Does it sound like I just need to adjust the latch on the deck lid or a new seal?

Thanks


----------



## ALKYGTO (Mar 29, 2010)

I would think the seal needs to be glued in to be truly effective. 

Try using 3M weatherstrip adhesive to seal in your existing gasket and see if that works, that is the cheapest way to go.


----------



## Rukee (Feb 8, 2007)

It could be coming from the back window area too. Might want to slowly pour a glass of water into the lower corners of the back window and look in the trunk for leaking. Or stuff someone in the trunk with a flashlight and then hit the back of the car with the garden hose.


----------



## gjones (Oct 8, 2012)

*Don't break the key off in the latch...*

I agree with Rukee about getting into the trunk to check it out. That's about the best way to do it.


----------



## Red1970GTO (Jun 25, 2011)

*A Body Trunk Fitment*

:cool The fitment of the trunk lids on GM "A-Bodies" is notoriously *BAD*! Your weatherstrip doesn't need to be glued in -- it is designed to "float" in the channel and does its job when "squished" between the channel and the trunk lid. However, that's not to say the weatherstrip is good -- it may be hard and no longer pliable.

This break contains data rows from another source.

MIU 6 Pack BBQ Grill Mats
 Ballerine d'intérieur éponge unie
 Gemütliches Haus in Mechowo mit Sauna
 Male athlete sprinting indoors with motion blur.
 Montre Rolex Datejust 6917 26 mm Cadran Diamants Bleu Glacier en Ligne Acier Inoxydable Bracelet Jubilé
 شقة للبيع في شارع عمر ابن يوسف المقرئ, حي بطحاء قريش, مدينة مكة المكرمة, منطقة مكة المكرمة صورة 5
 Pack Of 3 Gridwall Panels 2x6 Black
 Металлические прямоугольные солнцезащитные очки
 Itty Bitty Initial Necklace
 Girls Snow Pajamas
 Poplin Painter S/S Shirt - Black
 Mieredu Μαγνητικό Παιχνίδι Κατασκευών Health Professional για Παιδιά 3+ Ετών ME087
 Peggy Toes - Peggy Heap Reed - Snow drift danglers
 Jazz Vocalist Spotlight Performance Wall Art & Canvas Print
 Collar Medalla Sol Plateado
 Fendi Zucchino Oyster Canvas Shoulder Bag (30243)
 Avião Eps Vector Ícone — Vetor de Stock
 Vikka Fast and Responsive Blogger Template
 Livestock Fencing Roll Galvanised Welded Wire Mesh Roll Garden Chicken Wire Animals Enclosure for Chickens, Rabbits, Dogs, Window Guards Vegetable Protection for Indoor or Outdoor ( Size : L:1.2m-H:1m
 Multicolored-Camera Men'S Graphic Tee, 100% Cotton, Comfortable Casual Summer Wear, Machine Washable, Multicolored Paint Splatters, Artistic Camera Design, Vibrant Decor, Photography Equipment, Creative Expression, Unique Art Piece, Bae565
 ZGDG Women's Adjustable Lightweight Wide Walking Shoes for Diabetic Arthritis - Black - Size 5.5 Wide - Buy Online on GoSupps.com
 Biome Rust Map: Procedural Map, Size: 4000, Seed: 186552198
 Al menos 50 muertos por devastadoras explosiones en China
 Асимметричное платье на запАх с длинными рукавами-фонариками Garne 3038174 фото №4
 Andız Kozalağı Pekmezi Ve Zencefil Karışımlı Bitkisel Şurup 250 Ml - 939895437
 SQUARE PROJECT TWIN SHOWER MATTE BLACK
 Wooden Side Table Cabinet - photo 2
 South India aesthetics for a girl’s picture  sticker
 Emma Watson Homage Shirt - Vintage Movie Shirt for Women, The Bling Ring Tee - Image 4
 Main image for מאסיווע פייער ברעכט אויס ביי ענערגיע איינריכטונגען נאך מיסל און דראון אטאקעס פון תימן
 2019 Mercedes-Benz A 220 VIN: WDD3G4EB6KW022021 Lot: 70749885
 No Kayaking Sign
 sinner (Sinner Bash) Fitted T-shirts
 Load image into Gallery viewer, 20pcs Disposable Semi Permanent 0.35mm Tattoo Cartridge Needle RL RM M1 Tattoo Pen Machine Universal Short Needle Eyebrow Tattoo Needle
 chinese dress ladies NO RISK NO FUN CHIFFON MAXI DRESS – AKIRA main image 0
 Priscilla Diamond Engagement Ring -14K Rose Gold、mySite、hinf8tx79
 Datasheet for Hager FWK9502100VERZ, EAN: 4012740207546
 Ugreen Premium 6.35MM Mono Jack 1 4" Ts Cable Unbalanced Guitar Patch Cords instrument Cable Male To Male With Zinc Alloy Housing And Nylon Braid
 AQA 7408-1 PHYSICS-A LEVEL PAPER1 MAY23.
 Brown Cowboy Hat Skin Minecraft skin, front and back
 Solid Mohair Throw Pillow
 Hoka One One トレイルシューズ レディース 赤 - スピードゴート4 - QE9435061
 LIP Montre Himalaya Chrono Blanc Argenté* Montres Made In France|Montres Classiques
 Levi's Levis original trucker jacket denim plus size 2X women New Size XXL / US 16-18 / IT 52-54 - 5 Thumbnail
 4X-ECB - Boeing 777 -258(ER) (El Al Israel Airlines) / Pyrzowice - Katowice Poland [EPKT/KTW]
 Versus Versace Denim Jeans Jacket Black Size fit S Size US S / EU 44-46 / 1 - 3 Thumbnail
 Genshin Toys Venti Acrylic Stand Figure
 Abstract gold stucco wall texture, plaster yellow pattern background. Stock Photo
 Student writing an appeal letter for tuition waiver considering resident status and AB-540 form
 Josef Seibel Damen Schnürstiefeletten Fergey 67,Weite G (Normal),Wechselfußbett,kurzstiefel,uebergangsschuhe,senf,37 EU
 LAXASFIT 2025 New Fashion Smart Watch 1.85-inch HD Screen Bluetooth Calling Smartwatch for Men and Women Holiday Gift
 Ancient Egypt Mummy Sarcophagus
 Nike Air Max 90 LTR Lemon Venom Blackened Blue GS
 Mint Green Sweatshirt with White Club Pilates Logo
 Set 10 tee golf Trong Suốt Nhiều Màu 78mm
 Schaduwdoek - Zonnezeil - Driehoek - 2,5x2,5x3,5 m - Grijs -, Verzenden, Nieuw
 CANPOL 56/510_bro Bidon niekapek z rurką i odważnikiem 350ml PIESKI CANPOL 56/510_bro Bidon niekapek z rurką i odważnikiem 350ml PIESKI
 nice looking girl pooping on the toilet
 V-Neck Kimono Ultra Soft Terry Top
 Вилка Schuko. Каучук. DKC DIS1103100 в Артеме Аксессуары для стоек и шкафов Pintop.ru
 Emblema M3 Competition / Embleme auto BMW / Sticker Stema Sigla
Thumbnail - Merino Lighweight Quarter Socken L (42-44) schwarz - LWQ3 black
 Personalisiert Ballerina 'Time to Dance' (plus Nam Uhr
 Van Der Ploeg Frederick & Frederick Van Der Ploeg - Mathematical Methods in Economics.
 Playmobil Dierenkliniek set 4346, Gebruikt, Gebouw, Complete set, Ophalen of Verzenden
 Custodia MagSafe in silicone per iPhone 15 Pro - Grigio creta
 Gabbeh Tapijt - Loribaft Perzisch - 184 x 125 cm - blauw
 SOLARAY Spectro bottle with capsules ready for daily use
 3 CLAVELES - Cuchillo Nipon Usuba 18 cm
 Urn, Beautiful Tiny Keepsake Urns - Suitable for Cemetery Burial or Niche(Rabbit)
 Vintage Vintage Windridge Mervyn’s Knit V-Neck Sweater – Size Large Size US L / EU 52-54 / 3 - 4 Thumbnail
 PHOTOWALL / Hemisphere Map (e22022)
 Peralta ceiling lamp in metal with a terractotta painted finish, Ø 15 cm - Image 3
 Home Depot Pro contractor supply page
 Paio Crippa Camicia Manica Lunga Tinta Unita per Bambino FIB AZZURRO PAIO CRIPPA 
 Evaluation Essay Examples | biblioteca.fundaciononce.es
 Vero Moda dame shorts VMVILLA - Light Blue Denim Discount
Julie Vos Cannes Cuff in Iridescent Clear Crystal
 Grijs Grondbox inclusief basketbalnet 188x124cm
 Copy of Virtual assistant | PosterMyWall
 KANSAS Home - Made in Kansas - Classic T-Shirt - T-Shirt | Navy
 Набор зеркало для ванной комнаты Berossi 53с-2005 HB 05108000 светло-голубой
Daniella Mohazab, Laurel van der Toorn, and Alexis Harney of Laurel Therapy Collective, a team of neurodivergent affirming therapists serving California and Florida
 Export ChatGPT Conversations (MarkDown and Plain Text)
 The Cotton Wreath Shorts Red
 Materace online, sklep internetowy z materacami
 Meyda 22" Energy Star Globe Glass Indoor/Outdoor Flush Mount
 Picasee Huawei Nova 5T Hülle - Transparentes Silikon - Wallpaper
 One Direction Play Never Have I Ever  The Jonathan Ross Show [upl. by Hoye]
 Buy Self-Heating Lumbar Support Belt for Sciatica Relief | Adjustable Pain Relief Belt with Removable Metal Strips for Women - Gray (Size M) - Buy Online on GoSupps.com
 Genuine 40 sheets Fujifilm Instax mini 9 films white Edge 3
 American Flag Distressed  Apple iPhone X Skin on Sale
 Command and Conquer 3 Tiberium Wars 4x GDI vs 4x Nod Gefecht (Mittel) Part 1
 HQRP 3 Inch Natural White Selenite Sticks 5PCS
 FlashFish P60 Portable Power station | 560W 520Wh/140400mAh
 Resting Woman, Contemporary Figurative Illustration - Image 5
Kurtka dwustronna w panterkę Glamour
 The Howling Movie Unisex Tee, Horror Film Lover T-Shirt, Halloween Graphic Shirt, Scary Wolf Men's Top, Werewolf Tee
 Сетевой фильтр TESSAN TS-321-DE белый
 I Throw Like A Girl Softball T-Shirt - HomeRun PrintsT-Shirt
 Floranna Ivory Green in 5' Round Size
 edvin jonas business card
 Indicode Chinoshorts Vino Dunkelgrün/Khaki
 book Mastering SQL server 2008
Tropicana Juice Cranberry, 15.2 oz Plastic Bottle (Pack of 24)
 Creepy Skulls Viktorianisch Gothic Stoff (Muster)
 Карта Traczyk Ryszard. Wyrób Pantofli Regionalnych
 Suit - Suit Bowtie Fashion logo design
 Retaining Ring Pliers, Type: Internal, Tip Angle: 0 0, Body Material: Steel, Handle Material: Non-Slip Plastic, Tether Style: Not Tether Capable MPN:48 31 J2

*First *thing you should do is to check the lower rear windshield corners for holes as stated above. *Then *you should carefully remove the trunk weatherstrip (note how it's installed) and check the channel for holes -- rust or just poor bodywork (especially at the upper corners where the quarters meet the trunk filler panel. This is a likely spot for leaks). *Plug *those holes as necessary. *Then *inspect the weatherstrip for cuts, rips, etc. and reinstall it/replace it (glue it if you want. The glue should go on the side of the channel -- NOT the bottom, so you get some movement of the weatherstrip and the "squish" effect). *Finally*, adjust the trunk latch so you get a nice tight fit.

*NOTE*: I had to move my trunk lid towards the rear windshield almost a 1/8 inch to get a good fit.


----------



## BearGFR (Aug 25, 2008)

:agree Add my vote to the "rear window" camp. There was no way for water in the corners of the back glass to drain out so they were notorious for rusting through there. That's what my 69 did.

Bear


----------



## D18-GTO (Apr 11, 2012)

My 1970 rusted out in the lower (both) corners of the rear window. The water cannot drain away in this lower recess the glass sits in. Any water getting in here will sit and attack the metal, with the corners being the most likely spot to developing rusted pin-holes that only get larger with time. I have had the same 1970 GTO since 1974 and I'm very familiar with this design flaw by Pontiac.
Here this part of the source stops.